• _What is being asked_:
Beginning with the opening line of the entries, return every line through the one containing "Hodgkin's disease or", both included, and nothing else. Omit pictures.

Content starts

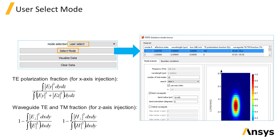After calculating the modes using the specified mode solver settings, modes will appear in the mode list at the top of the window. You can select a mode from the mode list to plot the field profile of the mode. You can also see details about the calculated mode in the mode list table, such as the effective index of the mode, loss, and polarization fraction.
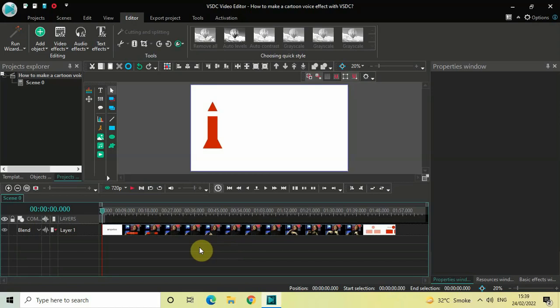Hey guys, welcome back to Next Gen Blog. In this video I want to show you how you can make a cartoon voice effect with VSDC free video editor. Now it's actually super easy to make a cartoon voice effect with VSDC, so without further delay let's get started and see how you can do this.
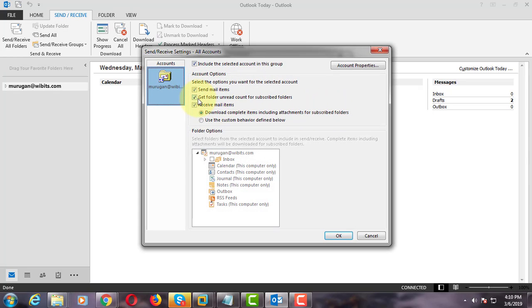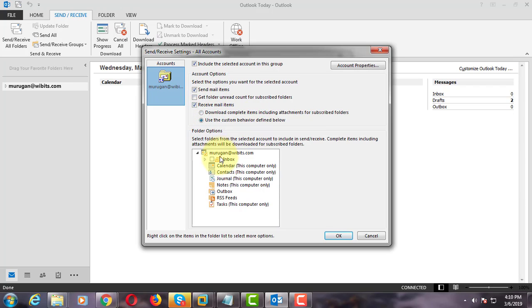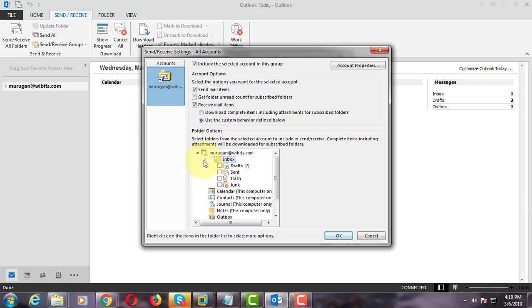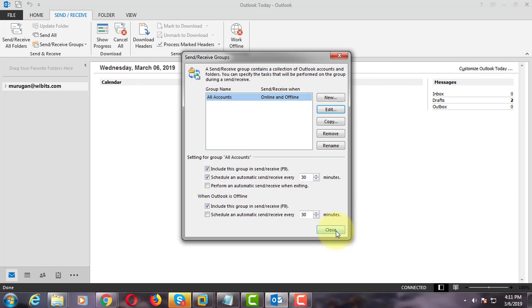Uncheck Get Folder Unread Count. Check Use the Custom Behavior defined below. Check Only Inbox. Click OK and Close.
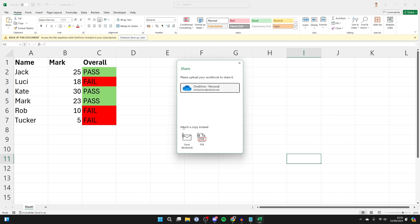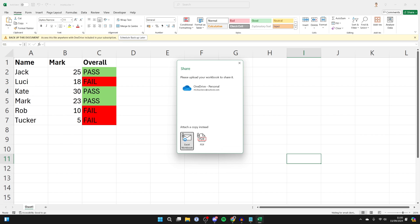What you want to do is come down to attach a copy instead. So you can choose if you want to send it as an Excel workbook or as a PDF. I imagine you want to send it as an Excel workbook so they can edit it and do their own thing with it. It gives more flexibility.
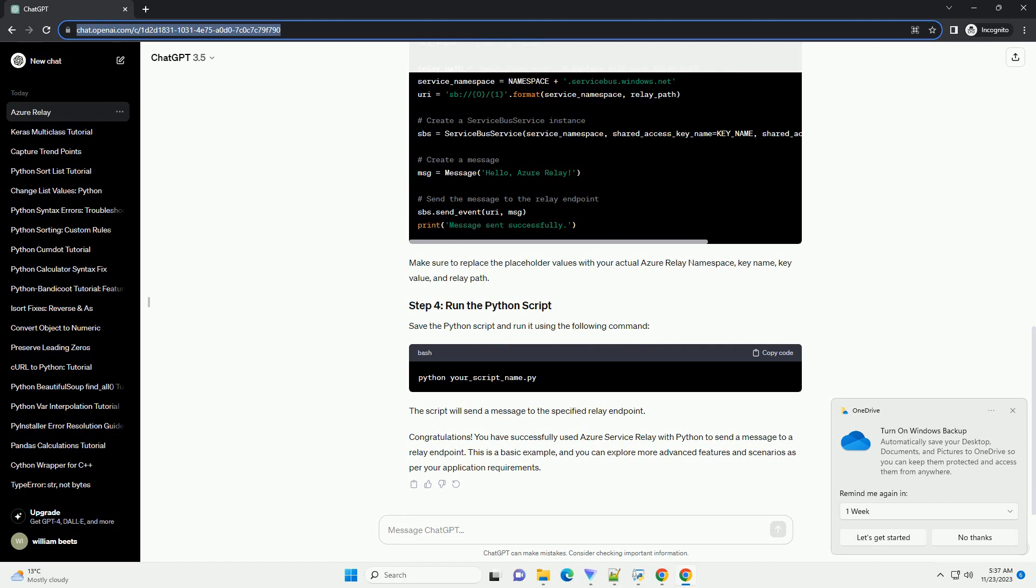Once the relay namespace is created, go to the Azure portal, navigate to the relay namespace, and click on 'Shared access policies.' Copy the connection string of the policy named 'RootManageSharedAccessKey.'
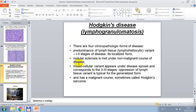Hodgkin's disease or lymphogranulomatosis has four clinical pathological forms. First: predominance of lymphohistiocytic variant — first and second stage of disease. Second: nodular sclerosis — low malignant incidence. Third: mixed cellular variant, appearing in the spread stage of disease. Fourth: lymphocyte depletion variant, typical for the generalized form, with a malignant course, sometimes called Hodgkin's sarcoma.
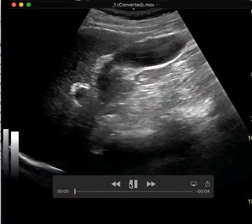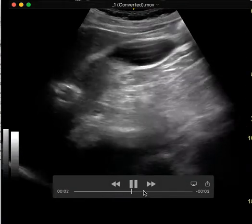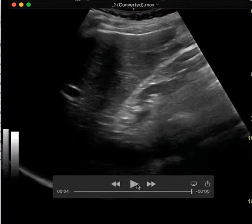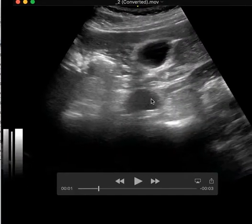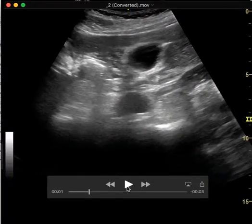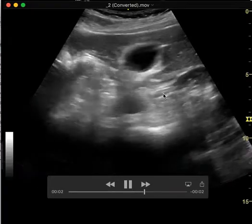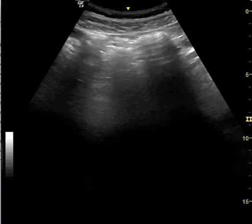This is a different patient, and this is the gallbladder in long axis. Then after the provider looks in long axis, they also image it in short axis. I'm able to see two planes of the gallbladder, which helps me really differentiate if there are stones or not.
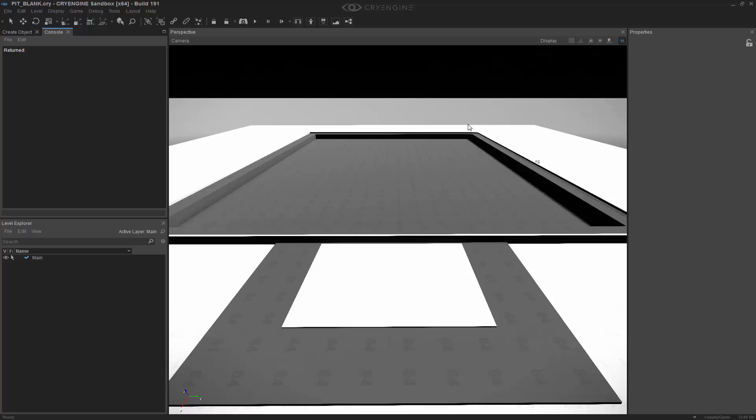So in this level I have pit underscore blank, and actually we're not going to add anything to it. We're strictly working within the console of this tutorial. So let's get over to the console and type in debug draw first.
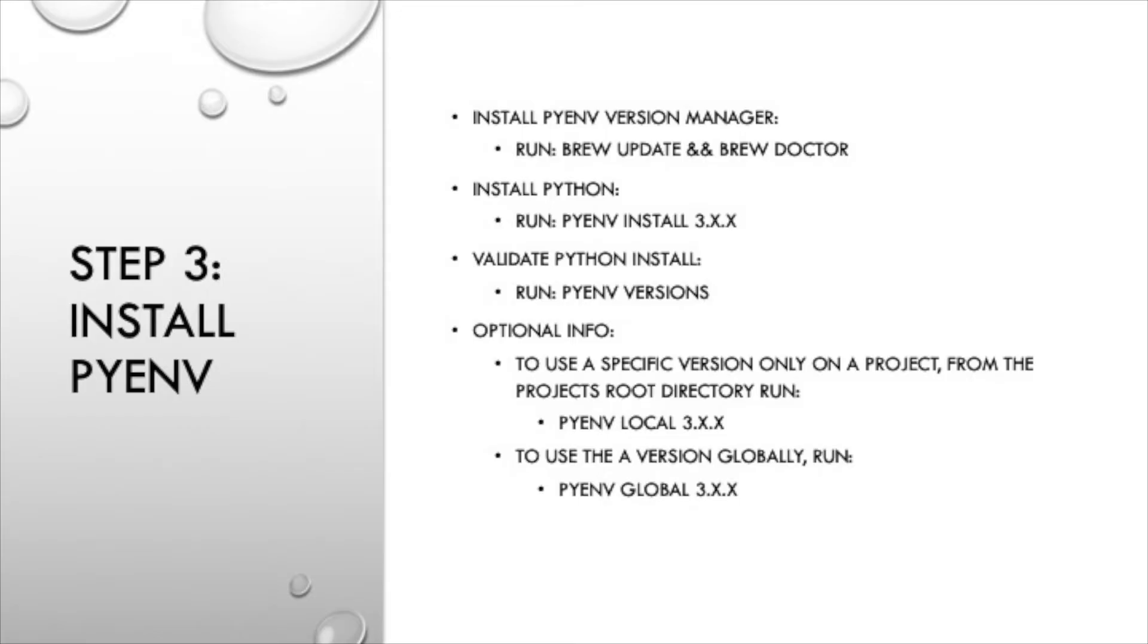In step three we need to install the PyEnv version manager as well as Python. To install the PyEnv version manager run brew update and brew doctor. Then run pyenv install and the version of Python that you wish to install.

Content ends

• _Answer for the task_:
After calculating the modes using the specified mode solver settings, modes will appear in the mode list at the top of the window. You can select a mode from the mode list to plot the field profile of the mode. You can also see details about the calculated mode in the mode list table, such as the effective index of the mode, loss, and polarization fraction.
Hey guys, welcome back to Next Gen Blog. In this video I want to show you how you can make a cartoon voice effect with VSDC free video editor. Now it's actually super easy to make a cartoon voice effect with VSDC, so without further delay let's get started and see how you can do this.
Uncheck Get Folder Unread Count. Check Use the Custom Behavior defined below. Check Only Inbox. Click OK and Close.
What you want to do is come down to attach a copy instead. So you can choose if you want to send it as an Excel workbook or as a PDF. I imagine you want to send it as an Excel workbook so they can edit it and do their own thing with it. It gives more flexibility.
Once the relay namespace is created, go to the Azure portal, navigate to the relay namespace, and click on 'Shared access policies.' Copy the connection string of the policy named 'RootManageSharedAccessKey.'
Hodgkin's disease or lymphogranulomatosis has four clinical pathological forms. First: predominance of lymphohistiocytic variant — first and second stage of disease. Second: nodular sclerosis — low malignant incidence. Third: mixed cellular variant, appearing in the spread stage of disease. Fourth: lymphocyte depletion variant, typical for the generalized form, with a malignant course, sometimes called Hodgkin's sarcoma.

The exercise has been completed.